Quels axes vous semblent-ils prioritaires à développer pour un rapport syndicalisme/politique efficace ?
Les syndicats ont certes un rôle de défense des droits et des conditions de travail des salariés, mais ils ont également un rôle fondamental à jouer dans l’entreprise, le service public et l’administration tant dans les revendications, pour obtenir de nouveaux droits sociaux, que dans l’analyse et le suivi de la gestion de ceux-ci pour une efficacité économique et sociale, intégrant les salariés. En ce sens le politique, c’est une conviction profonde du PCF, se doit d’agir pour favoriser l’intervention et la participation des syndicats et des salariés à la gestion des entreprises publiques et privées, y compris dans les collectivités. Du parlement, par des propositions de lois, jusqu’au plan local, les militants et élus communistes se doivent d’agir en ce sens. Ainsi, dans les collectivités où ils sont élus, majoritaires ou minoritaires, il est important que les communistes agissent pour que soient associés les syndicats et les salariés à la réflexion et à la mise en œuvre des politiques de la collectivité. C’est un gage d’efficacité. C’est aussi comme cela que se développera le terreau fertile de la confiance entre syndicats et un parti politique comme le nôtre.

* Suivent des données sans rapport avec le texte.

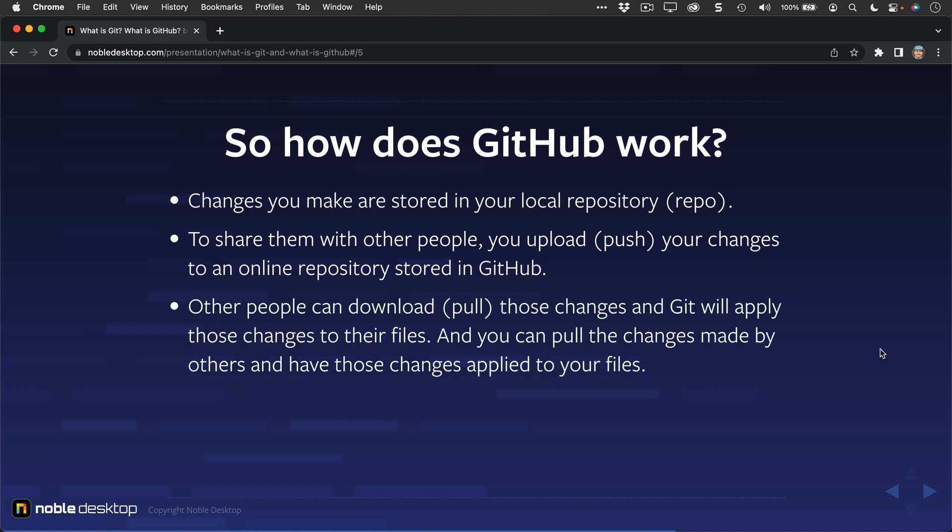Other people can download, or as Git calls it, pull. So you can pull in or download those changes, and Git will apply the changes to their files. Of course, you can also pull those changes made by others and have those changes applied to your files. So everybody is uploading or pushing to GitHub to send their changes to other people, and they are also downloading or pulling the changes from GitHub so that they can get the changes that other people make applied to their files.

Mais le salarié ou la salariée qui arrive à son travail est aussi un citoyen∙ne, habitant d’une ville ou d’une commune, avec ses difficultés et ses aspirations. Il ou elle ne laisse pas son habit de citoyenne au vestiaire, elle le porte tout au long de sa journée de travail. En ce sens, le syndicat ne peut pas ne pas s’intéresser à l’environnement de vie des salariées, leurs conditions de transport, de vie de famille, de logement, de scolarité des enfants, de la situation du conjoint∙e, s’il existe, etc. Des dimensions multiples de la vie quotidienne qui doivent mettre en synergie et en lien, les syndicats et les partis politiques avec leurs militants et leurs élus.

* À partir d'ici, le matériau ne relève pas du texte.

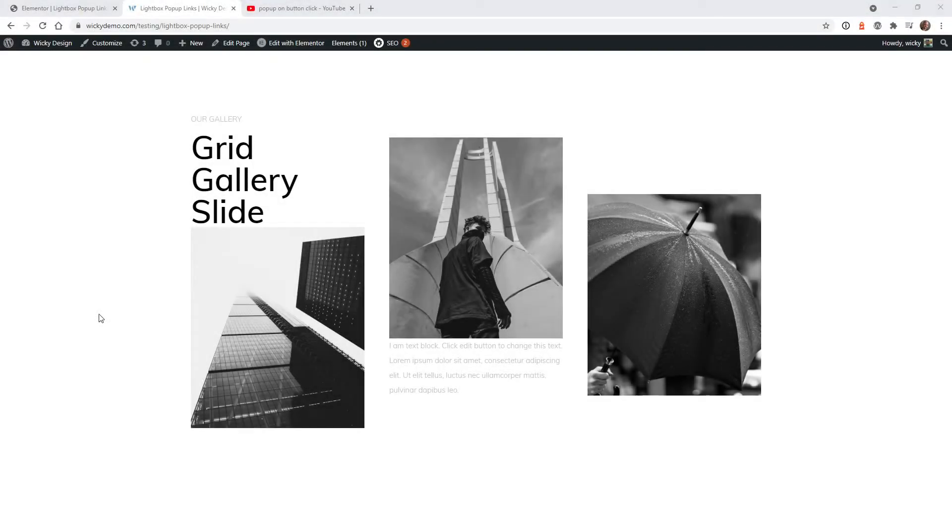Hi, this is Mark from Wikidesign. In this video I'm going to show you an easy way to have a video pop up inside of a lightbox on your Elementor website.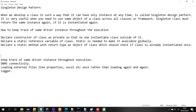Third, declare a static method with return type as an object of the class, which should check if the class is already instantiated once or not. We will use this method from outside of the class. We can also use singleton design pattern for database connectivity, to load external files like properties or Excel, and to use a logger — so that loading happens once rather than again and again.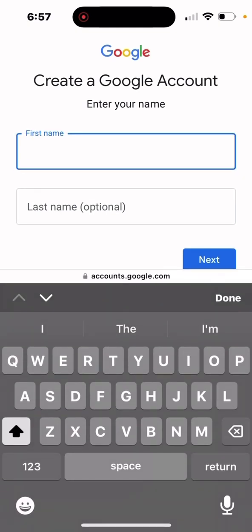We are going to enter our name. I am going to enter a different name because when I tried creating another Google account earlier to film this video, it was suggesting that I was a bot.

Comment appréhendez-vous les rapports entre syndicats, patronat et pouvoirs publics ?
Permettez-moi de rajouter les citoyens qui sont la base vivante de toute société, qui ne vit que grâce à eux et qui font lien entre syndicats, patronat et pouvoirs publics.

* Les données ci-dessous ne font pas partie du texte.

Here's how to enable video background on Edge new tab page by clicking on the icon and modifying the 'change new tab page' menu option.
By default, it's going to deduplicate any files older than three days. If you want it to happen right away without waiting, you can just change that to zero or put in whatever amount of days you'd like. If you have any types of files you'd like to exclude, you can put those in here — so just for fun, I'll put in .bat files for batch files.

Concernant ceux-ci, quelle que soit l’opinion que l’on porte sur les uns et sur les autres, ceux-ci sont des éléments indispensables à la vie de notre pays, du local au national. Ensuite, il faut faire nôtre, la formule de l’écrivain Boileau pour qui, « Ce que l’on conçoit bien s’énonce clairement. Et les mots pour le dire arrivent aisément ». Or trop souvent dans nos paroles et nos écrits, on est dans une parole globalisante, manquant de précisions. Si on perçoit bien les syndicats, il n’en est pas de même pour le patronat. Parle-t-on des patrons des multinationales, des PME, des artisans, des entreprises privées, publiques ? Pour les pouvoirs publics, parle-t-on de l’État central, de son gouvernement, de ses administrations centrales, décentralisées, des organismes publics et parapublics ou des collectivités territoriales ? La précision est de taille, car on ne va pas aborder tout à fait de la même manière, les rapports entre syndicats, patronat et pouvoir public. J’y suis moi-même confronté en tant que secrétaire national du PCF et maire d’une ville. Dans ma ville sont présents, l’État avec ses différents services dont ceux de l’Éducation nationale, les collectivités territoriales : la Région avec les lycées, le Département avec le collège, la communauté d’agglomération et le parc naturel régional, l’office de tourisme et les thermes, la mairie et ses différents et nombreux services. Il y a les entreprises petites et grandes, publiques et privées, les artisans, les commerces, les agences bancaires, le monde associatif, les syndicats, le secteur mutualiste, sans oublier les citoyens. Nous avons là une pléiade d’acteurs qui a un degré ou à un autre, font vivre notre territoire. Dans chacun de mes déplacements, dans toute la France, je les rencontre : représentants syndicaux, élus locaux, chef d’entreprise de PME, chacun me faisant part de ses projets, de ses difficultés. Et cet ancrage territorial, les pieds bien dans la terre en proximité avec les citoyens, m’est d’une aide considérable pour aborder les questions nationales comme secrétaire national du PCF.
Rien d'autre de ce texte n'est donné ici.